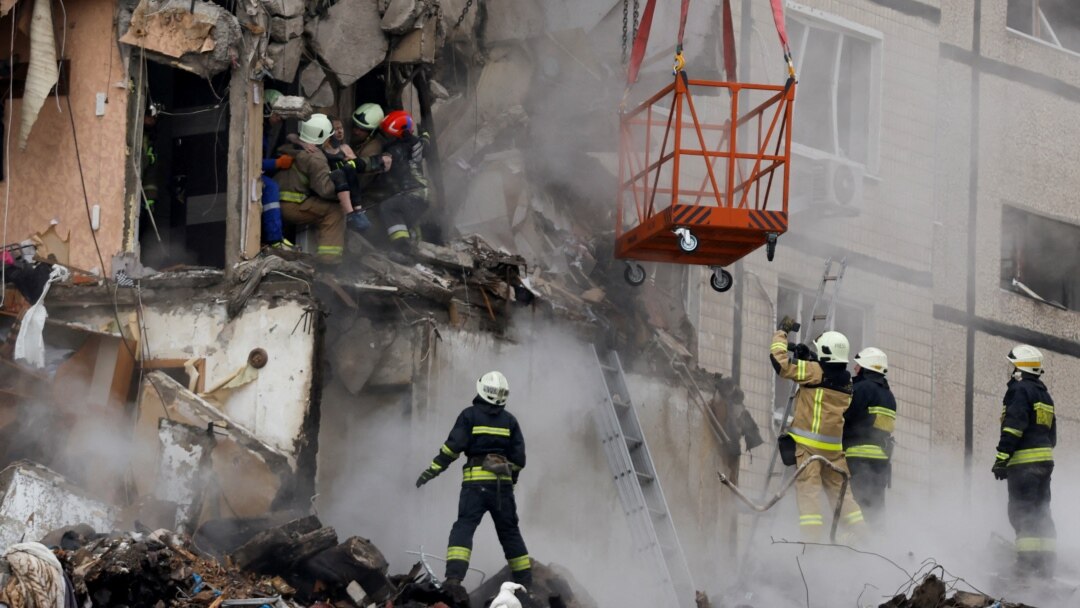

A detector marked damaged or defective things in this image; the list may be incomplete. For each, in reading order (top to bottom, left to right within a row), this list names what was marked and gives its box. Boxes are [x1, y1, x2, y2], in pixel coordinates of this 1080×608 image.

crumpled metal sheet [18, 0, 58, 150]
broken concrete slab [119, 0, 244, 78]
broken concrete slab [266, 37, 302, 82]
broken concrete slab [264, 0, 306, 18]
broken concrete slab [270, 14, 304, 41]
broken concrete slab [304, 0, 388, 86]
broken window [790, 7, 881, 172]
burnt window opening [1002, 0, 1080, 53]
broken window [1002, 0, 1080, 54]
burnt window opening [138, 63, 228, 269]
broken window [139, 63, 230, 269]
damaged apartment building [0, 0, 760, 604]
burnt window opening [768, 285, 868, 427]
broken window [773, 285, 864, 423]
broken window [993, 207, 1080, 311]
burnt window opening [993, 207, 1080, 311]
broken concrete slab [0, 462, 116, 546]
broken concrete slab [154, 421, 214, 535]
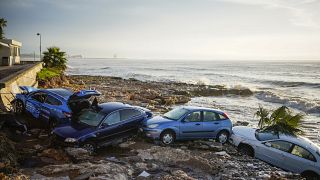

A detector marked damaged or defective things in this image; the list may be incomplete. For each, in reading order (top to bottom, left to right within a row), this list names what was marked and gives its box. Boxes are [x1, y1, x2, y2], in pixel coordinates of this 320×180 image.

crashed car [13, 86, 100, 129]
crashed car [52, 102, 152, 153]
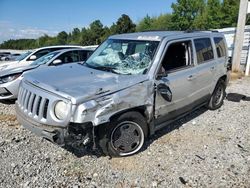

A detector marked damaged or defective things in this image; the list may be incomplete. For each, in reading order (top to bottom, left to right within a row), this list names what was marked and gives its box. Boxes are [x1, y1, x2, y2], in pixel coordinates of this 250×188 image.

shattered windshield [85, 39, 159, 75]
crumpled hood [23, 63, 148, 104]
damaged jeep patriot [15, 31, 229, 157]
bent bumper [15, 102, 66, 145]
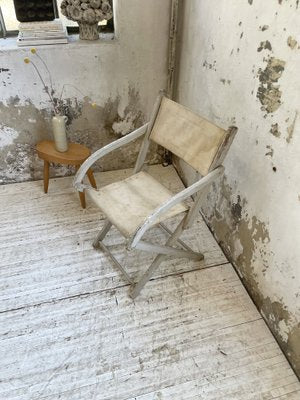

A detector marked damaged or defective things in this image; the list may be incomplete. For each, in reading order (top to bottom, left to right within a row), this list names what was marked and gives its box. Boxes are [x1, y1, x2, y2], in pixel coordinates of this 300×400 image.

peeling plaster wall [0, 0, 171, 183]
peeling plaster wall [175, 0, 300, 376]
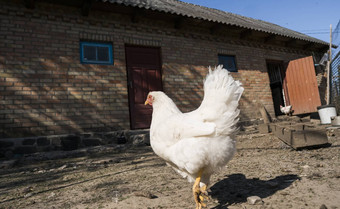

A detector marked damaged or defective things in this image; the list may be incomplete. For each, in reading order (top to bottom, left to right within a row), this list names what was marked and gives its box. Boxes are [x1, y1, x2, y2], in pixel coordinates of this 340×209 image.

rusty corrugated metal sheet [284, 56, 322, 114]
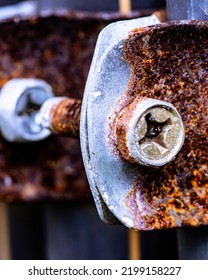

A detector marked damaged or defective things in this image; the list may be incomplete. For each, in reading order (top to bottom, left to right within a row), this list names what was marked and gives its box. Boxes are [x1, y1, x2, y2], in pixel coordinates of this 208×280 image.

■ **Activity**
Ignoring the pictures, write out word for word the lines from the line containing "this 300×400 image." through the end of the material above.

■ **Result for this task**
A detector marked damaged or defective things in this image; the list may be incomplete. For each, in reading order (top to bottom, left to right within a row), this list names what was marked and gives its box. Boxes are [x1, y1, x2, y2], in pixel coordinates of this 300×400 image.

peeling plaster wall [0, 0, 171, 183]
peeling plaster wall [175, 0, 300, 376]

A detector marked damaged or defective things in this image; the list may be incomplete. For each, in reading order (top to bottom, left to right within a row), this list names what was marked and gives its box. Boxes are [x1, y1, x2, y2], in pixel coordinates of this 340×209 image.

rusty corrugated metal sheet [284, 56, 322, 114]

A detector marked damaged or defective things in this image; the list may be incomplete. For each, in reading order (top to bottom, left to right within a row), this list names what was marked and gives its box. Boxes are [x1, y1, x2, y2], in pixel coordinates of this 208×280 image.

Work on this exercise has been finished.